[Raw data Boundary: Start]

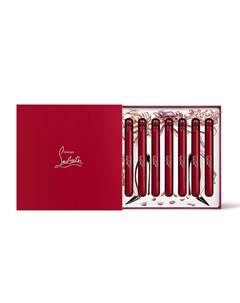 Набор SCENT LIBRARY Christian louboutin beauty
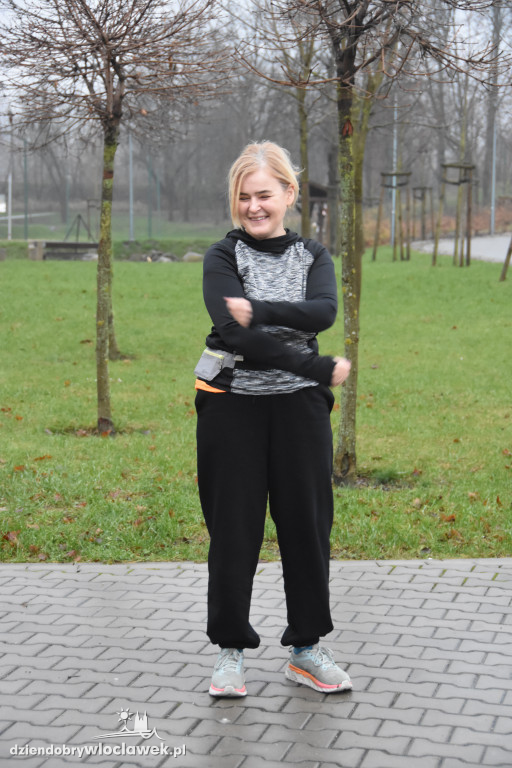 Bieg Za prawa Kabul-Warszawa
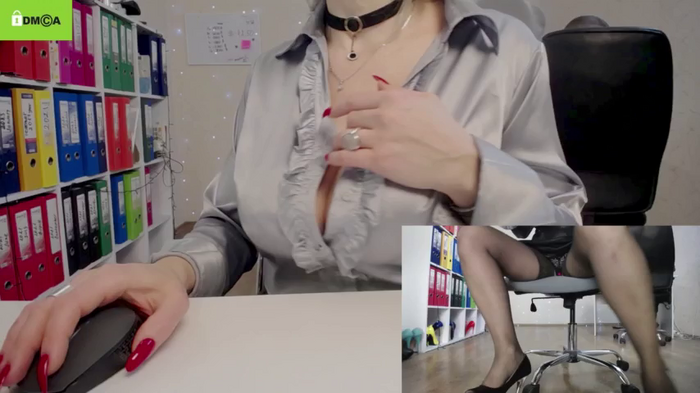 legsoffice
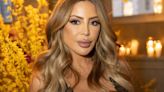 Larsa Pippen clarifies Marcus Jordan romance is 'off'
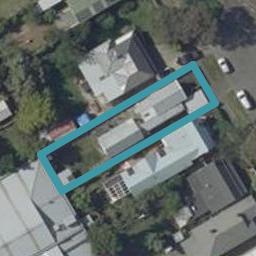 54 Campbell Street, Palmerston North, Palmerston North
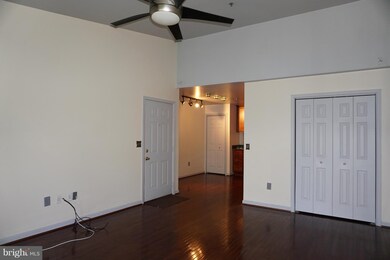 1607 Marion Quimby Dr unit 1607, Stevensville, MD 21666 - photo 4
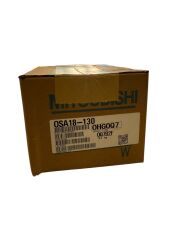 Mitsubishi OSA18-130 CNC Servo Motor Enkoder – Yüksek Hassasiyetli Dahili Konum Sensörü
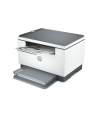 Hp Laserjet M234Dw - Laser Mono Printing 1200 X Dpi A4 Direct Grey (9YF91F) - nr 6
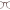https://res.cloudinary.com/billionhands/image/upload/v1775550817/items/nccotmrjtnbevn0bgfpz.webp-3cover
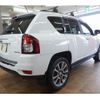 jeep compass 2014 quick_quick_MK4924_1C4NJDDB6ED745194 image 2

[Raw data Boundary: End]

Could you copy exactly, and with no pictures, the lines above from the one containing "1607 Marion Quimby" through the last line, both included?

 1607 Marion Quimby Dr unit 1607, Stevensville, MD 21666 - photo 4
 Mitsubishi OSA18-130 CNC Servo Motor Enkoder – Yüksek Hassasiyetli Dahili Konum Sensörü
 Hp Laserjet M234Dw - Laser Mono Printing 1200 X Dpi A4 Direct Grey (9YF91F) - nr 6
https://res.cloudinary.com/billionhands/image/upload/v1775550817/items/nccotmrjtnbevn0bgfpz.webp-3cover
 jeep compass 2014 quick_quick_MK4924_1C4NJDDB6ED745194 image 2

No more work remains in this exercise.